Exercise instructions:
Copy, exactly and without additions, every line in the records below from the one holding "Man wearing mud" through the one holding "Appraisal: IRON-HANDLED BAMBOO", both ends included.

Data shown:

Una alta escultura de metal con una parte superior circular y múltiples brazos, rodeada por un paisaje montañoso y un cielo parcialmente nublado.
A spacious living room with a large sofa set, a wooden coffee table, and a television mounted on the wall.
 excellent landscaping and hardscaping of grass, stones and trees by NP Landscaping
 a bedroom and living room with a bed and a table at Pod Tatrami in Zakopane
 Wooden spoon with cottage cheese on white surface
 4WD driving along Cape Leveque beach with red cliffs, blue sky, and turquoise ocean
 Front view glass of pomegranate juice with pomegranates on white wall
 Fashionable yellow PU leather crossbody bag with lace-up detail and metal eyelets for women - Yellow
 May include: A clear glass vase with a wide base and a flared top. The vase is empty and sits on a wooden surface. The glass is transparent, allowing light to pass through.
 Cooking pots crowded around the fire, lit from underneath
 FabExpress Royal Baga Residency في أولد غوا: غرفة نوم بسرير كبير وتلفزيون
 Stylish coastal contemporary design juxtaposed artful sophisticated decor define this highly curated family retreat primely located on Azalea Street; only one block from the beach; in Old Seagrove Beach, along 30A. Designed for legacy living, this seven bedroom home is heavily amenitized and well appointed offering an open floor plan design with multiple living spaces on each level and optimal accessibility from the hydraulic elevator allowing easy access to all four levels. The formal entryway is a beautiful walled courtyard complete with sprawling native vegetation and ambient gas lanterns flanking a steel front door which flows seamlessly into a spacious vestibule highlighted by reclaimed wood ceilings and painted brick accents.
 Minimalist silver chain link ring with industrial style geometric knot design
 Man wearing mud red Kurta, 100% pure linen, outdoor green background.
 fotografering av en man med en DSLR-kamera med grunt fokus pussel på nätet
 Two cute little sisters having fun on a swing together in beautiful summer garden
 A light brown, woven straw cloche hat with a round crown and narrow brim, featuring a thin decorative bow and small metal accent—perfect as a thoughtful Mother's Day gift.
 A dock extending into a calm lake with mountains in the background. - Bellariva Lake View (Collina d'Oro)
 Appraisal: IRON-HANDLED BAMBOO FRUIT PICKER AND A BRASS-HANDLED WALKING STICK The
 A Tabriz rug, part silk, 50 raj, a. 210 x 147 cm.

Written reply:
 Man wearing mud red Kurta, 100% pure linen, outdoor green background.
 fotografering av en man med en DSLR-kamera med grunt fokus pussel på nätet
 Two cute little sisters having fun on a swing together in beautiful summer garden
 A light brown, woven straw cloche hat with a round crown and narrow brim, featuring a thin decorative bow and small metal accent—perfect as a thoughtful Mother's Day gift.
 A dock extending into a calm lake with mountains in the background. - Bellariva Lake View (Collina d'Oro)
 Appraisal: IRON-HANDLED BAMBOO FRUIT PICKER AND A BRASS-HANDLED WALKING STICK The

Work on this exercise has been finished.